00;21;02;16 - 00;21;18;14
Rob Lee
So it's the reps too, you know, like when, you know, I talk to my students and I definitely relate in it, it's just like, yeah, I'm just some guy that you see here doing this class and so on. And I was I'm part of your day. I'm a small part of your week, but a small in an even in even a small part of your day.

00;21;18;14 - 00;21;38;17
Rob Lee
But, you know, ultimately, I'm trying to transcend the idea of I'm showing you how to record a catch. There's not much to it or what have you. There is an artistry to it, but there's not much to the actual doing that piece. And I was like, What I'm trying to get across to you all is articulating your ideas, sharing your ideas.

00;21;38;19 - 00;21;54;12
Rob Lee
This is a way of doing. And I was like, you know, you guys are going in a film, you're going in the theater, you're not going into this. This is actually an avenue. But look at me like the person that's going to fund your project and look at my person as a potential collaborator, and that's when those bulbs start going off.

00;21;54;12 - 00;22;03;17
Rob Lee
It's like, Oh, these are crossover skills, these are transferable skills. And to your point, I don't look at it as a win for the for smoke Daddy. Rob That's what I call myself.

00;22;03;29 - 00;22;05;03
James Watkins
And that's.

00;22;05;05 - 00;22;09;07
Rob Lee
Actually oh my, my, go to my, my badge. It works as a smoke. Smoke, Daddy. Rob Lee.

00;22;09;18 - 00;22;31;15
James Watkins
Oh, can I say this real quick? And we got to switch topic because I can talk about this for hours on end, but I was just thinking about another quick story. If I had I had a student, she she was like ten at this point. We had a women's conference and the girls were invited. And essentially, like the kids do workshops throughout the day and they can facilitate the workshops.

00;22;31;15 - 00;22;52;21
James Watkins
So our students was they excuse me, they were facilitators, many studio sessions. So people would come into the room and they would record a song on Aspire One of my kids venture dolls met two ladies from another organization.
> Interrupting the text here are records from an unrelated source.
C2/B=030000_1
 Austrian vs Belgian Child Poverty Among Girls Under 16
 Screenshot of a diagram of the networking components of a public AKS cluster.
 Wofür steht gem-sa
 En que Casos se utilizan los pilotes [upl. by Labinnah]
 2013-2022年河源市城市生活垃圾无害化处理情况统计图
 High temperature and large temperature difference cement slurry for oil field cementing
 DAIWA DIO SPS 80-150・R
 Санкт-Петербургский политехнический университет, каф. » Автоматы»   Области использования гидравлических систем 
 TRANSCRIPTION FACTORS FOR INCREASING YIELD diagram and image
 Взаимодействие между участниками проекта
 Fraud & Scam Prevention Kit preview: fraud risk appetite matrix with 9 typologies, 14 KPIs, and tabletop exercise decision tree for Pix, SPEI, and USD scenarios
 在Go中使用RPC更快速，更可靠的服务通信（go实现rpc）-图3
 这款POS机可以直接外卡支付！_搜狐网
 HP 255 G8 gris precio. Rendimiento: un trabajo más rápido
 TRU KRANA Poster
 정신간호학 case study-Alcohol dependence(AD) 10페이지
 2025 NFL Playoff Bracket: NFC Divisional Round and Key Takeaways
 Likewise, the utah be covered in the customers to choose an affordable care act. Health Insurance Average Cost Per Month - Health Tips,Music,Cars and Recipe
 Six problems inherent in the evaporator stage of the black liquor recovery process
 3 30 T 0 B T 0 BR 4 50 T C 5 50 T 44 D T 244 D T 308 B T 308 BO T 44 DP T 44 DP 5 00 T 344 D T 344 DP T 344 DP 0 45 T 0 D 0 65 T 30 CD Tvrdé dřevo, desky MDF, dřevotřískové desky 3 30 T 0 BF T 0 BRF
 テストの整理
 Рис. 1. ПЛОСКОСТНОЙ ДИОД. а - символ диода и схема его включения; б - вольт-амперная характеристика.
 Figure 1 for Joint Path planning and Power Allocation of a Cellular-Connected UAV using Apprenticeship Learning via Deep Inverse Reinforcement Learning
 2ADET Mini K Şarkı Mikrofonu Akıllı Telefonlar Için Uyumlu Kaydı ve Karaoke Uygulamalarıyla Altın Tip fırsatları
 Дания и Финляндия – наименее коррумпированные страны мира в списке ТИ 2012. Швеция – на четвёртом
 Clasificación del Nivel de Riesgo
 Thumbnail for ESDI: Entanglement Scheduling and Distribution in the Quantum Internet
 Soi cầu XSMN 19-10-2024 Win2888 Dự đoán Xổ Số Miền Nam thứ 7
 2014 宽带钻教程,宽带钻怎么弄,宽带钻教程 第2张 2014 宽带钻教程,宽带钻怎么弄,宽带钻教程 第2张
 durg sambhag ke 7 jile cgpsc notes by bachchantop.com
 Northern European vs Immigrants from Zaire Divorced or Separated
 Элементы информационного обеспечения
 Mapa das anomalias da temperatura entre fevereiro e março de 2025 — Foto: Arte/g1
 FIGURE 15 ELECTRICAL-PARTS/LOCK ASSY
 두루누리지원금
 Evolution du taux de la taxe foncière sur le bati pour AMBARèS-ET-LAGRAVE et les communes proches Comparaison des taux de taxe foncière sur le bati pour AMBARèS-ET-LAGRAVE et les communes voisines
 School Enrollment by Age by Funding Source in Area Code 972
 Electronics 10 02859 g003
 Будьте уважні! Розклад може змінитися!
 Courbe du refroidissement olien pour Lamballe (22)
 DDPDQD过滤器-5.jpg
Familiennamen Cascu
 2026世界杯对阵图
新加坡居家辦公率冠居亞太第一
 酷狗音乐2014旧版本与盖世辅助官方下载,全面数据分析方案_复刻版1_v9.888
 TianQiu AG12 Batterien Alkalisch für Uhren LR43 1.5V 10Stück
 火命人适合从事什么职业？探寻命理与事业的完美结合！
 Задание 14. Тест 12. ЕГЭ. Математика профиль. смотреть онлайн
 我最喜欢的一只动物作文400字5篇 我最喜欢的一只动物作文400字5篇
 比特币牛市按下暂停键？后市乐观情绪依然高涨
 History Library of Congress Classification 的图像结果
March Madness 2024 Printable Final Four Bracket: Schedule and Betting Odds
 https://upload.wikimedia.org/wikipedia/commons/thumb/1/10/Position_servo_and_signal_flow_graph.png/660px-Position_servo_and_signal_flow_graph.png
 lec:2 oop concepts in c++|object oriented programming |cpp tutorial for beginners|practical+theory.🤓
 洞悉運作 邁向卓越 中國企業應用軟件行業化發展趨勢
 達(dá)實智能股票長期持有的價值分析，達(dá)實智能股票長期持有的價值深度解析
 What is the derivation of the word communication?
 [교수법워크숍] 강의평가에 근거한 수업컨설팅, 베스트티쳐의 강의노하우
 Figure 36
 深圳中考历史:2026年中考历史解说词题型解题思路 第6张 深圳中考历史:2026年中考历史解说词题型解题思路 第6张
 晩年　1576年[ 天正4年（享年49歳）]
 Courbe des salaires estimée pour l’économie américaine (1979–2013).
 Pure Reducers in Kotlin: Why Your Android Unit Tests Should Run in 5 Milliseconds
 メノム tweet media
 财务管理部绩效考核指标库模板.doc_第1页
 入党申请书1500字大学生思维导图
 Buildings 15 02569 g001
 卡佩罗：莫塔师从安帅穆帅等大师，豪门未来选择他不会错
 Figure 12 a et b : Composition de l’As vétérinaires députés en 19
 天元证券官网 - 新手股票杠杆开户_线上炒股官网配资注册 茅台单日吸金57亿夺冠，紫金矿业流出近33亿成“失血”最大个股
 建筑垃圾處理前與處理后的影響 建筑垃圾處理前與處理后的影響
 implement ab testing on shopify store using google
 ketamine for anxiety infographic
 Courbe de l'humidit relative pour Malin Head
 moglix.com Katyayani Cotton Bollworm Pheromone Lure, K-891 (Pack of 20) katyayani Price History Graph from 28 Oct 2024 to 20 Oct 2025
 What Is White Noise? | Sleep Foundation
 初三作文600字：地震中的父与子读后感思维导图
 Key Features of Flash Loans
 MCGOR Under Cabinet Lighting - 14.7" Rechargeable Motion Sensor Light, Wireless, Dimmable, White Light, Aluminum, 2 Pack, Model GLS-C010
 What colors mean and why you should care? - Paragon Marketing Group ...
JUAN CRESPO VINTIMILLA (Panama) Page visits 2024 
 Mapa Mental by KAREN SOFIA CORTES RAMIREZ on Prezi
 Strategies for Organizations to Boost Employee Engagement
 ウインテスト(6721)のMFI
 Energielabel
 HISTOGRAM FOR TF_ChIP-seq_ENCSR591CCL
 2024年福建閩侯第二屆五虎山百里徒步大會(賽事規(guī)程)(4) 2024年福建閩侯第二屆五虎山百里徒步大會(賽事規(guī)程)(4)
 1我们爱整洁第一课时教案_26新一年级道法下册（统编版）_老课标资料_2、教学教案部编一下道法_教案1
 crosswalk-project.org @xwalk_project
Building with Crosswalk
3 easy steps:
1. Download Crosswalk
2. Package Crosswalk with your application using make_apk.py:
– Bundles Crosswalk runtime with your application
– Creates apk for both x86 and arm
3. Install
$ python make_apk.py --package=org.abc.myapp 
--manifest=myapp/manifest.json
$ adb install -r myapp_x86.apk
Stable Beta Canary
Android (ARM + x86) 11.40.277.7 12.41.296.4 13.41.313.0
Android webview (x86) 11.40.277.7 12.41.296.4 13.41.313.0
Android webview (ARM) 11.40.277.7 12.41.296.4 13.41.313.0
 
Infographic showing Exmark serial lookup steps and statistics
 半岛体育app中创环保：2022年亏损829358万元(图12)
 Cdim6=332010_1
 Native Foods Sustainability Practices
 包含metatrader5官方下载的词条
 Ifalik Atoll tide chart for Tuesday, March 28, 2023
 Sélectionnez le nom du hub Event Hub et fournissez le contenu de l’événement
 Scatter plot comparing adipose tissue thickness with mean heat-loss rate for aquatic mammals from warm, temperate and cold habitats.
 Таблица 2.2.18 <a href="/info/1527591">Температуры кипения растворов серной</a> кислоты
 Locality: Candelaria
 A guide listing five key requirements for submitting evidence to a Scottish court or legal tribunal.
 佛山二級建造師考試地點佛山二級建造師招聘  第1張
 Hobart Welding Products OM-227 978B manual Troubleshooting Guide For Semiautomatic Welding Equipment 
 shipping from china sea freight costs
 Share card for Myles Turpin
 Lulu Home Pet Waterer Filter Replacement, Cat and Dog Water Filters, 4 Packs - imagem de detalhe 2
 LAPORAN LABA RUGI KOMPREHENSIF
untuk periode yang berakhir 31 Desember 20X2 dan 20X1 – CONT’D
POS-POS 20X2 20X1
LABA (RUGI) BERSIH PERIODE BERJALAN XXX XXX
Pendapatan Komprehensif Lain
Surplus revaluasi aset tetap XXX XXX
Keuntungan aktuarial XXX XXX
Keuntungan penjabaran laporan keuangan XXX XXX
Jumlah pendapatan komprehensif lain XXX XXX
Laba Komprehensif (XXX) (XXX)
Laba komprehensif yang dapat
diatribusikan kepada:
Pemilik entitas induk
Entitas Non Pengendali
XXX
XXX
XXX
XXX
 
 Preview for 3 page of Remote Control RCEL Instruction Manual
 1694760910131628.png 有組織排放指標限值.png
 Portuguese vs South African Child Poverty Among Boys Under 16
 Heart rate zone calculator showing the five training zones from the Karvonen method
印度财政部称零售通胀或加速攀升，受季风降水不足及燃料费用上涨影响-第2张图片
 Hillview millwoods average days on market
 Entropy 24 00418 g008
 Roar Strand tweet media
She walks back into the room with them and they wearing blazers and they look like they had bought a business.

00;22;52;21 - 00;23;14;15
James Watkins
I'm thinking she's in trouble. Something like, What are you doing? And she was like, Mr. Jimmy, I wanted to introduce you to these people. And it was like, you know, she had great things to say about you. We just wanted to exchange our business information and give you our business card. Make a long story short, she was the reason why I ended up traveling to Nebraska and Cincinnati to do workshops for students at their schools.

00;23;14;22 - 00;23;34;02
James Watkins
So I ended up traveling to Nebraska, and then a week after that I went to Cincinnati, did a three day workshop. First day you work with the students to make up the song, the second day you record the song, and the third day you filmed a video. And one of those videos actually was premiered the following year at the South by Southwest Education Conference.

00;23;34;11 - 00;23;41;19
James Watkins
So that would have never happened without my ten year old student, and she probably doesn't even know the impact that she had. I travel because of her.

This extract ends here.